This film marked his astonishing maturity and development as an actor to look out for, one who's constantly looking for opportunities to raise the bar, push the envelope, totally ignoring anything to do with the popular Rs 100 crore club or projects that are typically formulaic embracing masala-dripping ingredients 6 pack abs, item songs, special effects, hi-jinx action, crazily exotic locales, NRI sentiments and continue to follow is intuition and heart. No wonder he is teaming up with Basu again for his ambitious biopic on Kishore Kumar. Anurag Kashyap too has got him on board for his forthcoming Bombay Velvet as has his brother Abhinav (Dabangg) who has signed him up for his next, Besharam. His best friend Ayan (Wake up Sid) Mukherjee too has him as centre-piece co-starring Dipika Padukone in Yeh Jawani Hai Dewani.
Okay, cut to the charges of plagiarism. This is a non-issue and totally laughable for a number of reasons. Firstly, right from the Ashok Kumar starrer Mr. X - lifted from The Invisible Man - in the fifties to tons of movies across the decades, Plagiarism is Bollywood's middle name, so what's this sudden hulla-gulla about? What's the big deal? Wasn't Gulzar's Koshish inspired by a Japanese film? Parichay, by Sound of Music? Dil Hai Ki Manta Nahin by It Happened One night and Murder, Unfaithful?
Get one thing straight. Bollywood's mainstream movies have always had 3 simple things on mind - entertainment, entertainment and entertainment. They have never ever pretended to follow Francois Truffaut's classic definition of Cinema, "Truth at 24 frames per second." They have been manufactured (seldom created) as FMCG to be mass-consumed and the entertainment-starved and star-crazed constituencies have dutifully stormed the theatres for that willful suspension of disbelief.
Secondly, how many of Barfi's audiences - at home or abroad - have ever heard or seen the films from which scenes have been reported to have been filched.

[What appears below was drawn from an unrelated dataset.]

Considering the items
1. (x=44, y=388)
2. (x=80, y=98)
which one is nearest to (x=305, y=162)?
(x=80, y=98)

The Notebook, Singing in the Rain, The Kid, City Lights, The Adventures? So okay, Anurag Basu has recreated scenes from these classics, but did they hamper the narrative, disturb the flow, ruin the overall impact of the film? If anything, it added value.

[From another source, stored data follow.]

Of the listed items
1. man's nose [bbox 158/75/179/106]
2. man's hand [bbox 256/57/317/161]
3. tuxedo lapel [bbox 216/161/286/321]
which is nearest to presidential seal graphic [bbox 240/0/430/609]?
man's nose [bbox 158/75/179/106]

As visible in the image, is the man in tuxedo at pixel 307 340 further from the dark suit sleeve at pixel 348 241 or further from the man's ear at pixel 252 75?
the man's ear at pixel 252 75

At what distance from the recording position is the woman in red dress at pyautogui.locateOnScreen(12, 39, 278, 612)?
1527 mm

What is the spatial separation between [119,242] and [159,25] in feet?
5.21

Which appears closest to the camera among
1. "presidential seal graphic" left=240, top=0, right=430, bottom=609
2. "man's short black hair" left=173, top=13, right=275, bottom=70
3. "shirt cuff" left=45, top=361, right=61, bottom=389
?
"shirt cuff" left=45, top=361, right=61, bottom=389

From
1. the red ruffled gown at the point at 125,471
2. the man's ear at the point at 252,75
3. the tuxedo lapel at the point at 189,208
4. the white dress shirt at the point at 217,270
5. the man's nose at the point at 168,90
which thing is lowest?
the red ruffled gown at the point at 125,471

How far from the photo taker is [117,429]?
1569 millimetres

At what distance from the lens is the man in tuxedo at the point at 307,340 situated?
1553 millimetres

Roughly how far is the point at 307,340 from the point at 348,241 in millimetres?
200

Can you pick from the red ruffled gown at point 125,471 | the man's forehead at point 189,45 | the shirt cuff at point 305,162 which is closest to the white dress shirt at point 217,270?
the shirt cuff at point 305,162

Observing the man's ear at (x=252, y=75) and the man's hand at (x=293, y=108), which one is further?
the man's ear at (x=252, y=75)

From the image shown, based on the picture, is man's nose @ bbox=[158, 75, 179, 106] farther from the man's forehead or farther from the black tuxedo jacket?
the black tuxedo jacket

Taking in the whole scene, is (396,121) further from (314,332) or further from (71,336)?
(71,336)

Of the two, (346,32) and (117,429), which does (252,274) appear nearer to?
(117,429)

Bhatt's Dil Hai... was a charming trans-creation of the original that worked because of its brilliant connect with the Indian viewer's psyche. Same with many of the adaptations. The B-town guys are not claiming their spot at immortality, but hoping to give the harassed and stressed-out crowd a good time, in their own way, be it Ek Tha Tiger or Barfi, that's all. Also it might be good to remember that an inspired copy that entertains is far more palatable than an artsy, pretentious and corny original.
Finally (y-a-w-n) the Oscars. When has there ever been a controversy-free consensus all rooting for the same film selected as India's official entry? Shock, bewilderment, depression, disgust, frustration, resignation, even sometime wild laughter has greeted the choices made, right? Be it Payal ki Jhankar (1980) or Jeans (1998), it has mostly been bizarre with no one quite figuring out how and why these films got in to compete for the biggest movie prize on this planet. Regional film-makers continue to be ignored prompting the celebrated art-house director Rituparno Ghosh to acidly observe, "Ever since Lagan got nominated, it seems to have become Bollywood's birthright to represent India at the Oscars."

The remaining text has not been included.